BEGIN Data to use

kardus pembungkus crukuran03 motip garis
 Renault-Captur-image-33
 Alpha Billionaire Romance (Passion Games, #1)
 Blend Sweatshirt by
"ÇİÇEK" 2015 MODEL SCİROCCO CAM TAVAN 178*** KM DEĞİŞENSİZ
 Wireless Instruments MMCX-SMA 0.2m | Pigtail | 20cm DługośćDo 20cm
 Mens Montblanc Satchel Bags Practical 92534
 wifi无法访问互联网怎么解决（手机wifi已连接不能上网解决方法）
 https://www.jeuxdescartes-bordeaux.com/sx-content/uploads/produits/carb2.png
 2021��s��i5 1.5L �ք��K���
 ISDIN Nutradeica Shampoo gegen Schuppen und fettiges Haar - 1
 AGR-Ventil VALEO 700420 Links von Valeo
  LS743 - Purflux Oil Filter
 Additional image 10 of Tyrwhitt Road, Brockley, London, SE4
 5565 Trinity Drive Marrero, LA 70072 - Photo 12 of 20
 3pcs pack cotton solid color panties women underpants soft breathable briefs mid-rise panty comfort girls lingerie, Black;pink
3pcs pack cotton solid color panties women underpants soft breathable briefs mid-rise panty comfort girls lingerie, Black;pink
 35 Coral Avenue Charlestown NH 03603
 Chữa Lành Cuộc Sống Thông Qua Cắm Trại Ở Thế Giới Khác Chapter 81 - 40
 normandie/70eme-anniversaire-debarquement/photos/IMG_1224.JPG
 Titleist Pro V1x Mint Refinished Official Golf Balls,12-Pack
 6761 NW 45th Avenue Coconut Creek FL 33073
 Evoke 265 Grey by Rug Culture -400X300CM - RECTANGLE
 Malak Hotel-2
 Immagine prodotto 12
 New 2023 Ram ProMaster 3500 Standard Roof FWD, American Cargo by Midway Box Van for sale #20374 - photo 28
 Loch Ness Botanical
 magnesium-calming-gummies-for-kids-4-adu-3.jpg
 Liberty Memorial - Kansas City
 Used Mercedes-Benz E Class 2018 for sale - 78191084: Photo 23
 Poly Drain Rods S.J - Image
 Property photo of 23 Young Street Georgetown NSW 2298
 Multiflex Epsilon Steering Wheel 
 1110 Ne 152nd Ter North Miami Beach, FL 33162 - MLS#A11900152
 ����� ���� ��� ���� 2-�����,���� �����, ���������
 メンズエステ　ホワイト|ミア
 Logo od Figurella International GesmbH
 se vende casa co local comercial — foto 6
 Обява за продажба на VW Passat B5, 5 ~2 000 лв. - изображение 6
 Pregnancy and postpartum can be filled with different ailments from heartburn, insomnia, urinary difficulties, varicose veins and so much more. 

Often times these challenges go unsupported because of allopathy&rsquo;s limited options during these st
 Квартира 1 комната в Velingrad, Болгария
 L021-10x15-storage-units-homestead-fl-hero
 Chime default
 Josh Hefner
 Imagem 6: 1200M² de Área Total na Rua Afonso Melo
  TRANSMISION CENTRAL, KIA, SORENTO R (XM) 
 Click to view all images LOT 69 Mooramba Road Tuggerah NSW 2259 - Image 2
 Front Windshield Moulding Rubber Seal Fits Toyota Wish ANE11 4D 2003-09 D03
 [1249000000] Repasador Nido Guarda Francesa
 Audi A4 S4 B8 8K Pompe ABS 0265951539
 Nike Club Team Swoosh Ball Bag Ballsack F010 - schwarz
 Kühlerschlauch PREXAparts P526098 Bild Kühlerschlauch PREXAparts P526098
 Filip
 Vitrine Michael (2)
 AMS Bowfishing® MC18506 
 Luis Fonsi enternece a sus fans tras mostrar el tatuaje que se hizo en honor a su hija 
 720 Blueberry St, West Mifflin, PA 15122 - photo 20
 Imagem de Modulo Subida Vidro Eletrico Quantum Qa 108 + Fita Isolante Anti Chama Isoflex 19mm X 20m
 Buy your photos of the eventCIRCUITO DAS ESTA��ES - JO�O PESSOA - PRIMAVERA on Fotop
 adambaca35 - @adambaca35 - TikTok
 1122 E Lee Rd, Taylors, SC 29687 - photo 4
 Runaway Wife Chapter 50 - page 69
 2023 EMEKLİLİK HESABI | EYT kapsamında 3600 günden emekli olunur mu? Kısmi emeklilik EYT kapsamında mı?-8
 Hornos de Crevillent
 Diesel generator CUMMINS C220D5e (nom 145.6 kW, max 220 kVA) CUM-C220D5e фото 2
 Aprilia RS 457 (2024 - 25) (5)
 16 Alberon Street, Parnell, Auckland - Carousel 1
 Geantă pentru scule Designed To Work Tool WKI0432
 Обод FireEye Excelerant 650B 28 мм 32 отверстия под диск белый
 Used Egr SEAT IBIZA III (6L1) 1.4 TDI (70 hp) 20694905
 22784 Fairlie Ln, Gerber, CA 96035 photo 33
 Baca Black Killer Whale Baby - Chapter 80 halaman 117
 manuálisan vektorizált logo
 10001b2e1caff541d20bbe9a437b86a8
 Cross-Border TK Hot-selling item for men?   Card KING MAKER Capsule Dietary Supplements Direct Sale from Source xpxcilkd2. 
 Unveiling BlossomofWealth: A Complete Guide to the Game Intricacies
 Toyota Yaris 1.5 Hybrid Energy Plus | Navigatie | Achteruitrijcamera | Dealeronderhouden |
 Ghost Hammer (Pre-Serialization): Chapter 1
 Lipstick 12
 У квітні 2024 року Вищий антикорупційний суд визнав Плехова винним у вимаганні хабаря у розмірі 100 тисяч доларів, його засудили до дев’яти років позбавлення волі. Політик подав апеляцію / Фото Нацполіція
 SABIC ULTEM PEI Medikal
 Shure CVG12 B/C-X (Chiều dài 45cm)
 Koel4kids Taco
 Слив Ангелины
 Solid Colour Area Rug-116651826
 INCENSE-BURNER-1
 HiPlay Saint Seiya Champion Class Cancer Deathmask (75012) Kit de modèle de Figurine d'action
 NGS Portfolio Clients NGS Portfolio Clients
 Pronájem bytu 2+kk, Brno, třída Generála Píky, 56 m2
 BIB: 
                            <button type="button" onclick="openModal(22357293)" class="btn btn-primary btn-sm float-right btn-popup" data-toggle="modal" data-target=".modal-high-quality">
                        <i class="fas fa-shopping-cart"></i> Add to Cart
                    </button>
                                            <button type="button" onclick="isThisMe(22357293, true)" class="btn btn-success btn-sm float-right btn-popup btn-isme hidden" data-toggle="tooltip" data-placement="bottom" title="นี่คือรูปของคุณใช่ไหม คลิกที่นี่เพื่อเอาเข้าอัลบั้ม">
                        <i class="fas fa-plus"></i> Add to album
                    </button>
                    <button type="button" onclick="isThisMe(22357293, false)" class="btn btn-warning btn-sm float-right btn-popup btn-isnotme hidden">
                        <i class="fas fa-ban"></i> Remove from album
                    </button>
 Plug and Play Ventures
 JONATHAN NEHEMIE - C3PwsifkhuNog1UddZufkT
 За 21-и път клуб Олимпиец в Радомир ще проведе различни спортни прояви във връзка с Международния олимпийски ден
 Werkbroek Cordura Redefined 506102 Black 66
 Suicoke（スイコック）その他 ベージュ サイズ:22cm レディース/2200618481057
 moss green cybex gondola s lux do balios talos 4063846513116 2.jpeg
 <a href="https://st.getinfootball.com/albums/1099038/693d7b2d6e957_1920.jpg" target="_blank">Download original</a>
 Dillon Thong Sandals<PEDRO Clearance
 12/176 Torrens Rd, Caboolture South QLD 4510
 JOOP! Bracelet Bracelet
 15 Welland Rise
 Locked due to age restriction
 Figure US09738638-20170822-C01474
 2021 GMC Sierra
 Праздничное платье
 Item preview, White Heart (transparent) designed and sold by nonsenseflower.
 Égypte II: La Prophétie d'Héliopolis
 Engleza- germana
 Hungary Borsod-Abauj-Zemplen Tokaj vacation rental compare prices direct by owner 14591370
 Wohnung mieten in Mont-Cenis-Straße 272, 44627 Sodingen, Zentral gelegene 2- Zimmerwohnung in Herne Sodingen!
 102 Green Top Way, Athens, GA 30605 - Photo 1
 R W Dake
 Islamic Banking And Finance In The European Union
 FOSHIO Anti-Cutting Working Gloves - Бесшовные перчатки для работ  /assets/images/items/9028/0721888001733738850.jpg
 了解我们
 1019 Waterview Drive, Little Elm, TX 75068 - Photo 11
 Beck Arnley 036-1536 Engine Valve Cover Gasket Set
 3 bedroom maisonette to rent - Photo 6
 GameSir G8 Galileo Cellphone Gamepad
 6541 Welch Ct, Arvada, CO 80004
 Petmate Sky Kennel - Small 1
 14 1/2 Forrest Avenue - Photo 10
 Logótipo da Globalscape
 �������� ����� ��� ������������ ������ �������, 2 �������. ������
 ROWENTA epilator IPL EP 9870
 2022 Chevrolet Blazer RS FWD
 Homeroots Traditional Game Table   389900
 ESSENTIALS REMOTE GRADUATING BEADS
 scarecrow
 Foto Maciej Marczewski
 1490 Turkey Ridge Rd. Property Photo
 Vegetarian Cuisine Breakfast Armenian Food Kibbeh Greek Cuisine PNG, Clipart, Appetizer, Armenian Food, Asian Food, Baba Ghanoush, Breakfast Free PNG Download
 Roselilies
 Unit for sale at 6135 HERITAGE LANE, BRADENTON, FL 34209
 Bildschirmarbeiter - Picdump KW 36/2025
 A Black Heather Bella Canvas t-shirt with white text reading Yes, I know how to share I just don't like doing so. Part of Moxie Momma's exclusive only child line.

END Data to use

Return the lines above precisely as they appear, beginning at the first line and ending at the line with "Often times these", and nothing after it.

• Answer to the exercise
kardus pembungkus crukuran03 motip garis
 Renault-Captur-image-33
 Alpha Billionaire Romance (Passion Games, #1)
 Blend Sweatshirt by
"ÇİÇEK" 2015 MODEL SCİROCCO CAM TAVAN 178*** KM DEĞİŞENSİZ
 Wireless Instruments MMCX-SMA 0.2m | Pigtail | 20cm DługośćDo 20cm
 Mens Montblanc Satchel Bags Practical 92534
 wifi无法访问互联网怎么解决（手机wifi已连接不能上网解决方法）
 https://www.jeuxdescartes-bordeaux.com/sx-content/uploads/produits/carb2.png
 2021��s��i5 1.5L �ք��K���
 ISDIN Nutradeica Shampoo gegen Schuppen und fettiges Haar - 1
 AGR-Ventil VALEO 700420 Links von Valeo
  LS743 - Purflux Oil Filter
 Additional image 10 of Tyrwhitt Road, Brockley, London, SE4
 5565 Trinity Drive Marrero, LA 70072 - Photo 12 of 20
 3pcs pack cotton solid color panties women underpants soft breathable briefs mid-rise panty comfort girls lingerie, Black;pink
3pcs pack cotton solid color panties women underpants soft breathable briefs mid-rise panty comfort girls lingerie, Black;pink
 35 Coral Avenue Charlestown NH 03603
 Chữa Lành Cuộc Sống Thông Qua Cắm Trại Ở Thế Giới Khác Chapter 81 - 40
 normandie/70eme-anniversaire-debarquement/photos/IMG_1224.JPG
 Titleist Pro V1x Mint Refinished Official Golf Balls,12-Pack
 6761 NW 45th Avenue Coconut Creek FL 33073
 Evoke 265 Grey by Rug Culture -400X300CM - RECTANGLE
 Malak Hotel-2
 Immagine prodotto 12
 New 2023 Ram ProMaster 3500 Standard Roof FWD, American Cargo by Midway Box Van for sale #20374 - photo 28
 Loch Ness Botanical
 magnesium-calming-gummies-for-kids-4-adu-3.jpg
 Liberty Memorial - Kansas City
 Used Mercedes-Benz E Class 2018 for sale - 78191084: Photo 23
 Poly Drain Rods S.J - Image
 Property photo of 23 Young Street Georgetown NSW 2298
 Multiflex Epsilon Steering Wheel 
 1110 Ne 152nd Ter North Miami Beach, FL 33162 - MLS#A11900152
 ����� ���� ��� ���� 2-�����,���� �����, ���������
 メンズエステ　ホワイト|ミア
 Logo od Figurella International GesmbH
 se vende casa co local comercial — foto 6
 Обява за продажба на VW Passat B5, 5 ~2 000 лв. - изображение 6
 Pregnancy and postpartum can be filled with different ailments from heartburn, insomnia, urinary difficulties, varicose veins and so much more. 

Often times these challenges go unsupported because of allopathy&rsquo;s limited options during these st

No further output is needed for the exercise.